AJ Daulerio's Cultural Oddsmaker runs every Friday. Email him to let him know what you think.
Alycia Lane's been a godsend to Philadelphia newspapers starving for gossip. In the pantheon of 215 celebrity, sadly, athletes and newscasters are almost on equal footing. That's how it is here in sixth-borough land, so when Lane came here a few years ago from Miami — a monster free agent signing of the tits and glitz variety — there was considerable buzz around her. She had a semi-high profile relationship which ended in a quick divorce, and a sweeps week visit to Dr. Phil to hyperventilate about it. So when a tinderbox concerning Ms. Lane, semi-famous sportscaster Rich Eisen, her sending him random bikini pictures, and the semi-famous sportscaster's angry wife intercepting them in the email — and then relaying the whole mess to Page Six — her legend grows stronger. And, of course, there's a Bin Laden-like bounty out for those bikini photos. At this point, I wouldn't be surprised if What Would Tyler Durden Do becomes deputized by the National Press Corps to track them down.
But that's enough talk about Ms. Lane. Strangely enough, Rich Eisen is just background noise in this story, behind the phantom vacation photos and his pissed off wife, Suzy "You have a whore living in 2R!" Shuster. Today is Eisen's lucky day, as this column will, in effect, come to his defense for all of those still jaw-dropped by the notion that, yes, Rich Fucking Eisen is married and yet still has an incredibly attractive anchorwoman desperate to show off her Miami-shined body to him. Although he's no longer a member of the WWL, Deadspinners, more so than most other sports media ogglers, are well aware the power and swordsmanship that fraternity yields. And an incident like this only makes Eisen stock uptick a little more as this type of salacious publicity and notoriety annoints him with a gilded cock. Women now have to look at Rich Eisen differently than they did before; he's transformed from khaki-clad white guy jock sniffer to a mysterious, possibly reckless, lothario. I'll bet the day after all of this went down, he walked through the NFL Network offices and encountered a reception much like Eddie Murphy did in Boomerang the day after he banged Robin Givens.
So this week, I'm digging out my Beg, Borrow, and Deall tapes, running the 40-yard dash in a dorky three-pieced suit and placing odds on the next newscaster to send Rich Eisen inappropriate photos.

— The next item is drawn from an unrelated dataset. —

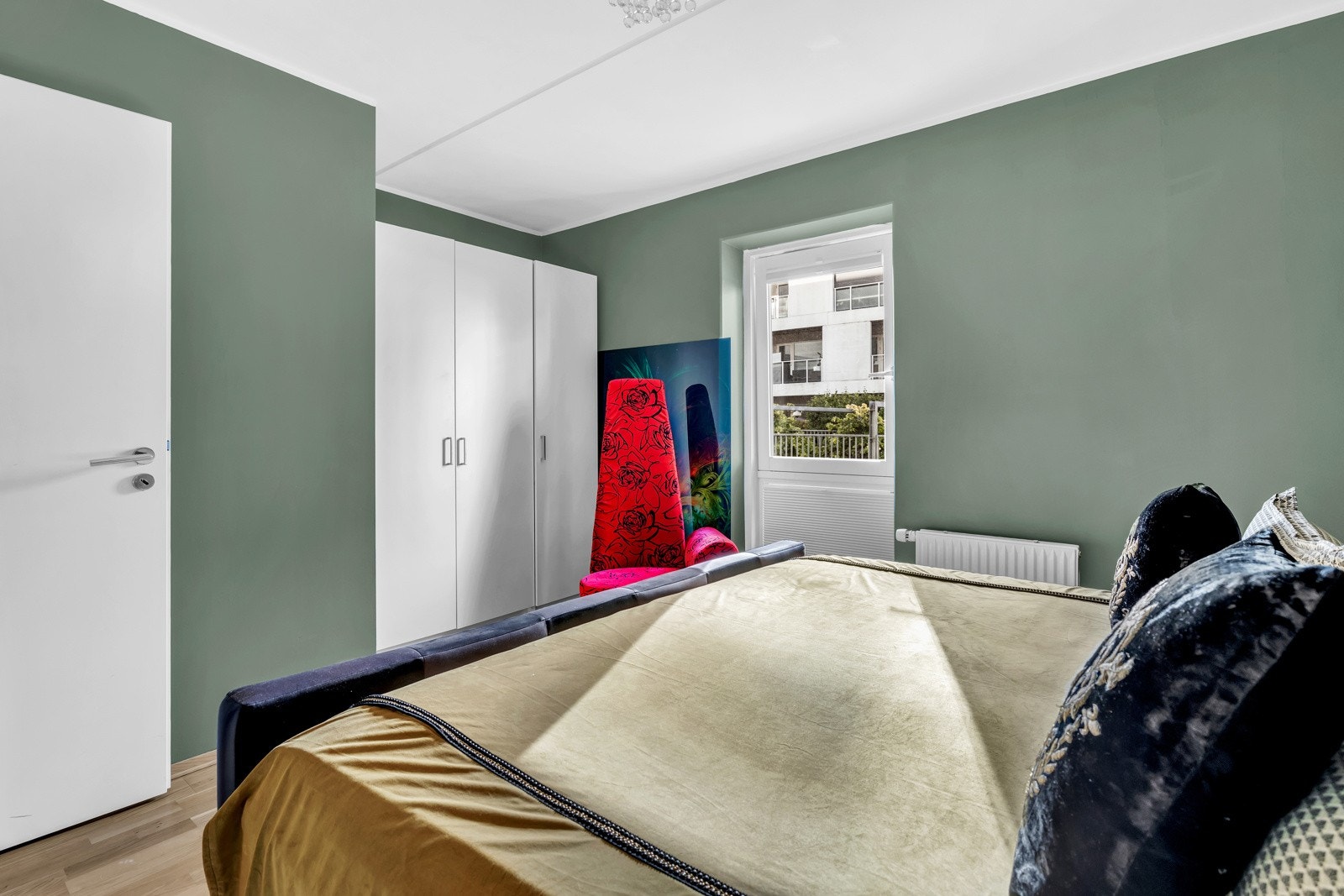 Begge soverommene er av stor størrelse, med god plass til dobbeltseng og garderobeløsninger. Galleribilde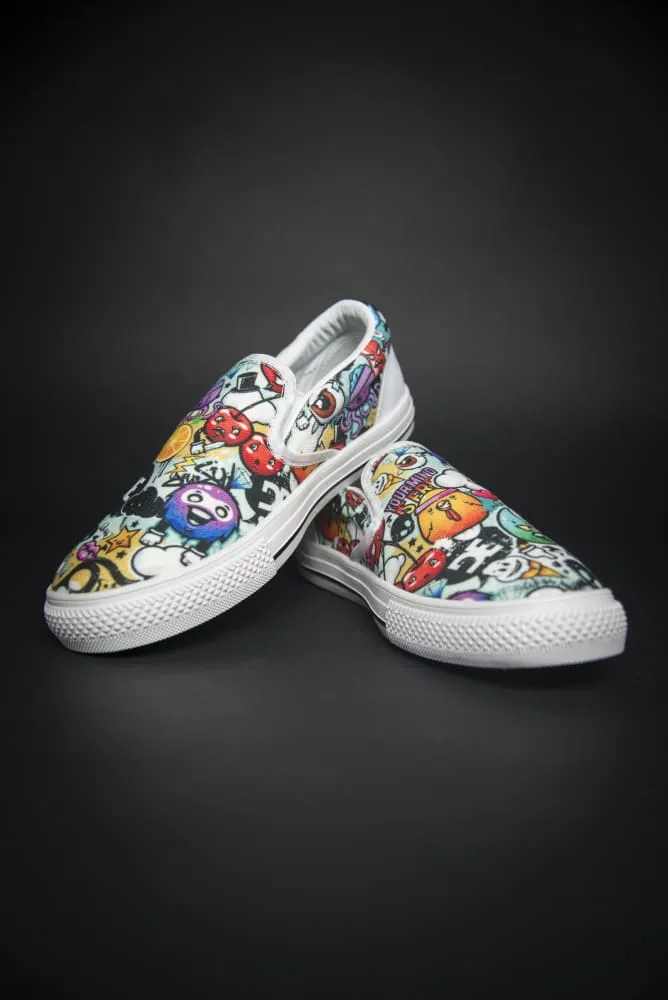 DE Graffiti Print Canvas Men's Slip On Low-Top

Let's find the next batch of Janice Rossis, after this jump.
Sharon Reed: 1/4
This Cleveland anchor woman has no qualms about taking off her clothes on television, as she famously did in 2003, while participating in a Spencer Tunick shoot in downtown Cleveland. She claims it was a "story about art", but that kind of dud doesn't fly during sweeps week. But what better way to make an art story 467 percent more compelling than by stripping down while the cameras rolling. Plus, Reed was also a former Philadelphia newswoman who left the station after a publicized catty-tat with another news woman Alicia Taylor (reportedly over then Sixer Aaron McKie) that resulted in an email threat that stated "You ever had a street fight, bitch?" Eisen should probably warn his wife about sending any exchanges between himself and Sharon Reed to Page Six or else she may wind up dead.
Melissa Theuriau: 2/1
In the eyes of many, this French news journalist is the most beautiful woman on the planet. Yet most people over here only know her as the "hot French news chick" — if they know her at all. Emboldened by Lane's newfound national status, Theauriau could see Monsieur Eesen as the perfect shlub to use to catapult her into the hearts of American men everywhere. And, unlike Lane, Theauriau has bikini photos readily available for NSFW consumption.

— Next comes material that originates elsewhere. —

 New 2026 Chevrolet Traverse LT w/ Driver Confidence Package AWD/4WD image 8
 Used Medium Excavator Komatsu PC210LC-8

Renee Chenault-Fattah: 5/1
She's also a local news anchorwoman in Philadelphia — and married to Congressman Chakah Fattah who's currently losing ground on a Mayoral bid. What better way to keep him in the public consciousness than to ship off a few bikini photos to give her husband a talking point that everybody's willing to listen to? What else is there? Guns? Murder? Budget deficits? Bah. Let's talk about your wife's workout routine, Congressman. Think of all the face time and money saved in campaign advertising he could save that way and think how beneficial a thumbs up from Rich Eisen could be at this point in the race.
Katie Couric: 3/1
Those ratings aren't going to spike themselves. And with all of the chatter about Couric's job potentially being on the block, this is the perfect opportunity for her to show off if she's used any of her gazillions to take a few rings off the tree trunk. It's time to press, Katie, and if that whole May-September thing isn't giving the positive image results you hoped for, maybe it's time to polish up the saggies and send along some photos to Eisen. The only problem is that Suzy Shuster most likely idolizes Katie Couric and won't be as quick to go to the press with her pics. So, Katie better be in a thong, sucking on a zucchini and riding a mechanical bull named "Big Rich" in her photos in order to make her jealous enough.